Similarly, the target node 265 reports statuses back to the control
server 210 through a target logging module 450, and further reports
errors back to the control server 210 through a target error module
455.
[0023] FIG. 5 illustrates an example embodiment of a process of
implementing the communication socket queues of the control server
210 and the source node 245. FIG. 5 includes two halves, one for
the communication queue 246 and the other for the data queue 248. A
message enters the source node 245 from the control server socket
queue 216a. If there is an error in sending/receiving this message
at 510, an error message is written back to the control process at
515, and in serious circumstances, the control server 210 sends a
message to the source node 245 to shutdown.
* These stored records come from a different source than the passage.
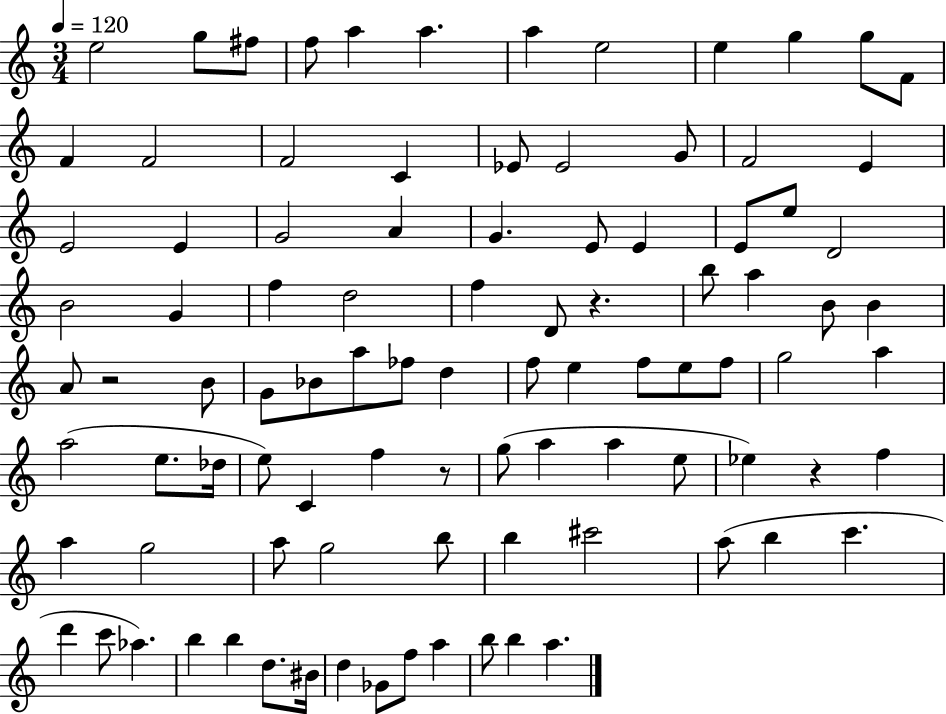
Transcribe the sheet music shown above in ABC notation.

X:1
T:Untitled
M:3/4
L:1/4
K:C
e2 g/2 ^f/2 f/2 a a a e2 e g g/2 F/2 F F2 F2 C _E/2 _E2 G/2 F2 E E2 E G2 A G E/2 E E/2 e/2 D2 B2 G f d2 f D/2 z b/2 a B/2 B A/2 z2 B/2 G/2 _B/2 a/2 _f/2 d f/2 e f/2 e/2 f/2 g2 a a2 e/2 _d/4 e/2 C f z/2 g/2 a a e/2 _e z f a g2 a/2 g2 b/2 b ^c'2 a/2 b c' d' c'/2 _a b b d/2 ^B/4 d _G/2 f/2 a b/2 b a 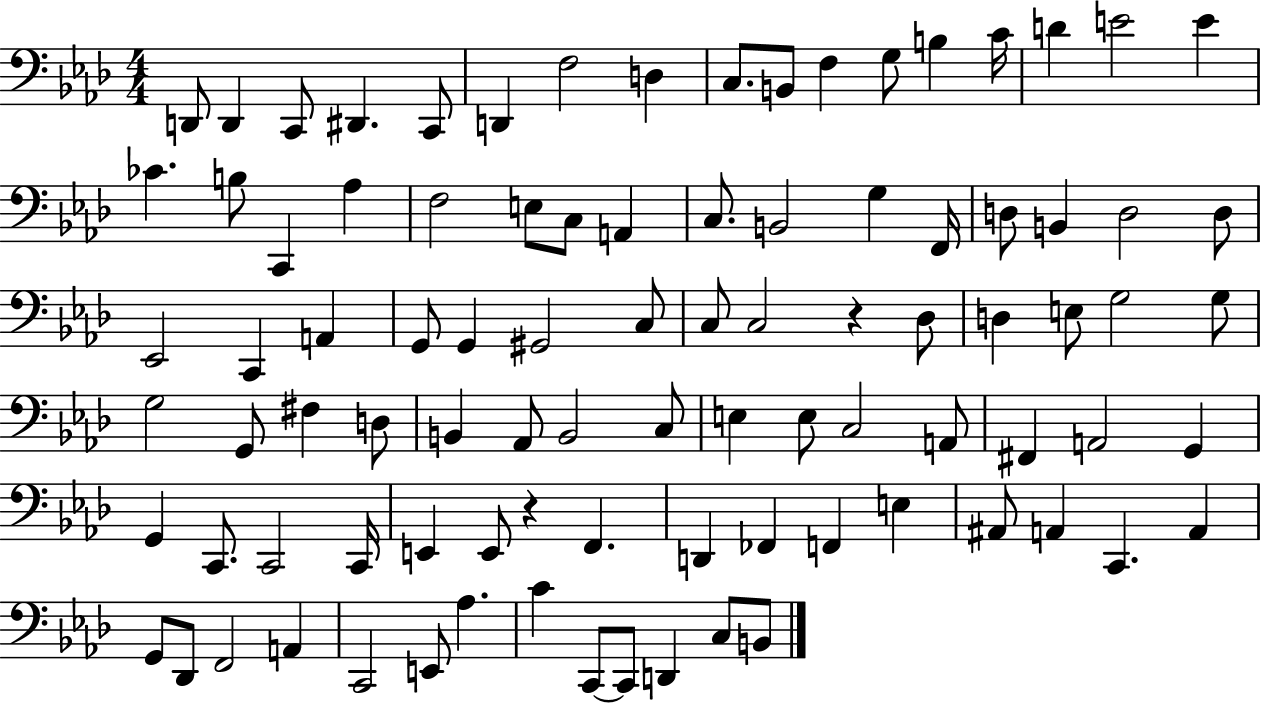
X:1
T:Untitled
M:4/4
L:1/4
K:Ab
D,,/2 D,, C,,/2 ^D,, C,,/2 D,, F,2 D, C,/2 B,,/2 F, G,/2 B, C/4 D E2 E _C B,/2 C,, _A, F,2 E,/2 C,/2 A,, C,/2 B,,2 G, F,,/4 D,/2 B,, D,2 D,/2 _E,,2 C,, A,, G,,/2 G,, ^G,,2 C,/2 C,/2 C,2 z _D,/2 D, E,/2 G,2 G,/2 G,2 G,,/2 ^F, D,/2 B,, _A,,/2 B,,2 C,/2 E, E,/2 C,2 A,,/2 ^F,, A,,2 G,, G,, C,,/2 C,,2 C,,/4 E,, E,,/2 z F,, D,, _F,, F,, E, ^A,,/2 A,, C,, A,, G,,/2 _D,,/2 F,,2 A,, C,,2 E,,/2 _A, C C,,/2 C,,/2 D,, C,/2 B,,/2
Such a shutdown message
would enter the source node 245 from the control server socket
queue 216a, and execute the shutdown process at 520. If the message
from the control server 210 to the source node 245 is a system
startup message, the source node 245 is started up at 525. After
the source node has successfully started up, and the control server
210 has confirmed that the paired target node 265 has also
successfully started, a message is sent to the source node 245 to
transfer data to the target node 265. Such a message originates
from the control server socket queue 216a, is received at queue
246, and is processed by the message handler 244. After the message
handler 244 determines that it is a command to begin to transfer
data, the source DMU 247, through the utility programs 241, reads
data at 530 from the database 242. After reading the data, the data
may be compressed and/or encrypted at 535, and written to the
source server socket data queue 248 at 537, thereby transferring
the data through the data communication sockets 243. In an
embodiment in which the data is compressed, the bandwidth of the
system is more effectively utilized so as to not negatively impact
other systems that share the resources of the network. The reset
timer controls 560 and 568, the post fail message 562, the retry
limit 564, and the data timer expires 566 implements a timing
system that prevents the source process from exceeding a threshold.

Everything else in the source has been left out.